The PERBB also has the potential to alter certain trends regarding executive and key employee compensation though it is unclear whether these changes will curtail the most infamous practices. By expanding the restrictions under section 503(c) of the Bankruptcy Code to pick up a broader set of individuals and incentive payments, the PERBB arguably closes certain loopholes left open when section 503(c) was first created under the Bankruptcy Abuse and Consumer Protection Act of 2005. However, payments of bonuses on the eve of bankruptcy (not subject to section 503(c)’s restrictions) have become increasingly common and such payments are not addressed by the PERBB directly. Similarly, capping the compensation of debtors’ post-emergence insiders to a median market standard for similarly situated companies may have little practical effect in industries where the market for executive compensation is already generous. Alternatively, such restrictions may diminish debtors’ ability to recruit new management and it is unclear for how long the restrictions must remain in place.

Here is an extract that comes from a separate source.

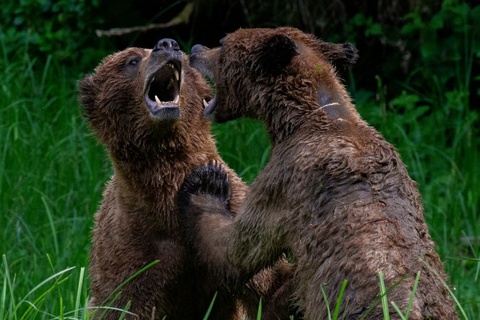 grizzly bears attack guide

Likewise, clawing back compensation from directors in an amount proportionate to reductions in benefits suffered by employees and retirees may provide a limited mechanism to force directors to “share the pain.” But, the full effects of this clawback right are unclear and it may have the counterintuitive effect of raising market compensation for directors generally as they seek a greater “cushion” (or demand new forms of insurance) to mitigate the potential effects of any clawback.
Conclusion
While it is unclear whether the PERBB will ever become law in its current form, it is clear that the PERBB, if passed, could significantly affect future bankruptcy reorganizations. Employees and retirees would likely welcome the PERBB’s reforms as long overdue improvements on current market practice. Debtors and finance providers, however, may view the PERBB as imposing additional costs and complexity on an already expensive and complicated process and may be concerned that, without revisions, the PERBB may weaken the ability to recruit and retain senior management for companies emerging from bankruptcy. Thus, like so many other aspects of 2020, when it comes to the PERBB, the future is both uncertain and consequential. Even if passed into law, however, only time will reveal the PERBB’s full impact on future restructurings.